Change and Community

I bought a new couch back in July. It was time for that old, brown, disgusting sofa bed to go. I ended up giving the sofa bed to a woman on the Facebook marketplace who had purchased new living room furniture, gave away her old stuff, and lost her job the next day so had to cancel the order for the new purchases. She was so relieved to have something to sit on, and I was happy the sofa that had served us through raising six children had a new purpose. 

My new loveseat, blue, finally came yesterday. It took that long to arrive. I guess furniture factories are not essential services, and I understand. It looks great, it is very comfortable, and I have this deep desire to cover it with a sheet to protect it like my mother would.

They say you become your parents, and I have been noticing this for a while. But I think the deeper issue is fear of change. I don’t want anything to happen to that loveseat, I want it to stay new-looking forever. That isn’t bad in itself. I paid a lot of money for it. But to what lengths am I willing to go to avoid change?

All of us have been raised with certain values and expectations. We have been socialized to believe what is good and what is bad. Challenging and changing those ideas are hard and most of us like to avoid that. But it leads to stereotypes and inaccuracies that we don’t even realize we need to challenge.
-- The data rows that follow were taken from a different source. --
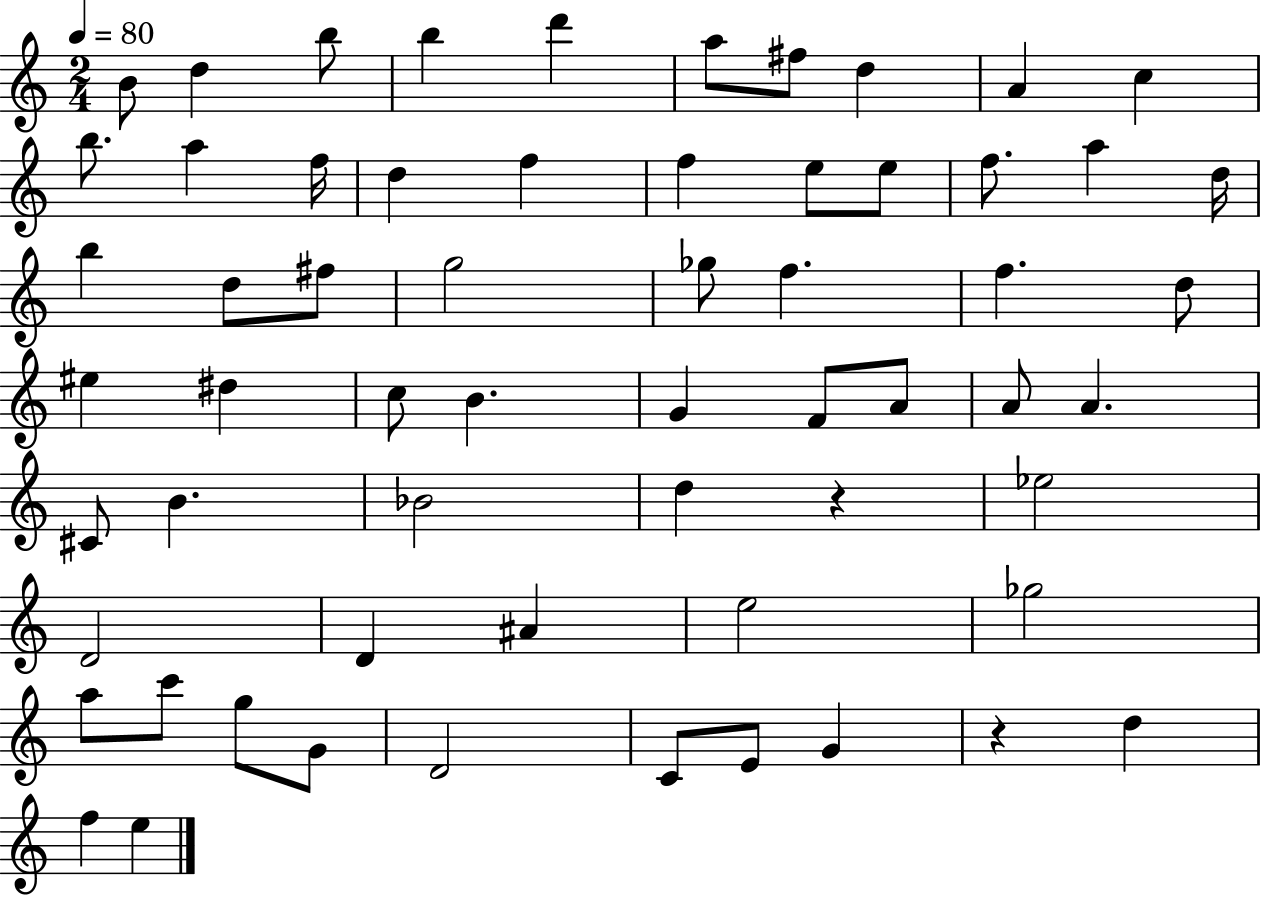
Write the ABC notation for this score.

X:1
T:Untitled
M:2/4
L:1/4
K:C
B/2 d b/2 b d' a/2 ^f/2 d A c b/2 a f/4 d f f e/2 e/2 f/2 a d/4 b d/2 ^f/2 g2 _g/2 f f d/2 ^e ^d c/2 B G F/2 A/2 A/2 A ^C/2 B _B2 d z _e2 D2 D ^A e2 _g2 a/2 c'/2 g/2 G/2 D2 C/2 E/2 G z d f e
For example, I can’t survive without community. But I have been taught to value individualism, to go after my own needs and wants before all others, and to care about myself first. Most of us have. It isn’t healthy, helpful or practical, but we have been steeped in individualism. Usually it doesn’t even occur to us to challenge that, or to forge a new way.
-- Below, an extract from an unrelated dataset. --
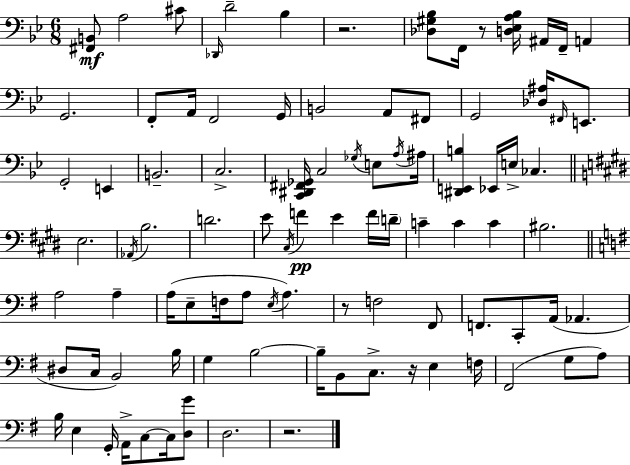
[F#2,B2]/e A3/h C#4/e Db2/s D4/h Bb3/q R/h. [Db3,G#3,Bb3]/e F2/s R/e [D3,Eb3,A3,Bb3]/s A#2/s F2/s A2/q G2/h. F2/e A2/s F2/h G2/s B2/h A2/e F#2/e G2/h [Db3,A#3]/s F#2/s E2/e. G2/h E2/q B2/h. C3/h. [C2,D#2,F#2,Gb2]/s C3/h Gb3/s E3/e A3/s A#3/s [D#2,E2,B3]/q Eb2/s E3/s CES3/q. E3/h. Ab2/s B3/h. D4/h. E4/e C#3/s F4/q E4/q F4/s D4/s C4/q C4/q C4/q BIS3/h. A3/h A3/q A3/s E3/e F3/s A3/e E3/s A3/q. R/e F3/h F#2/e F2/e. C2/e A2/s Ab2/q. D#3/e C3/s B2/h B3/s G3/q B3/h B3/s B2/e C3/e. R/s E3/q F3/s F#2/h G3/e A3/e B3/s E3/q G2/s A2/s C3/e C3/s [D3,G4]/e D3/h. R/h.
It is the same with attitudes toward race. As a white person, I was raised to glorify whiteness, to see my skin tone as “normal” and “the ideal.” My white-centric way of seeing the world isn’t something I ever have to question or think about if I choose. And yet, it isn’t the “norm” or the only or the best. And when we foster attitudes and practices that try to keep it the way we have been socialized, that is racism. And it impacts people, hurts people, every day. 

As much as we don’t like to change, and as much as we think we have had all the challenge we can take for 2020, many of the things we don’t even question have disastrous consequences. They promote racism and division. They give us the excuse not to call ourselves racist or work to change any of our personal behaviors. They allow us to be comfortable and feel safe in a world where that is not true for most people.

Change is needed. It has to start in our own hearts. And we cannot be afraid.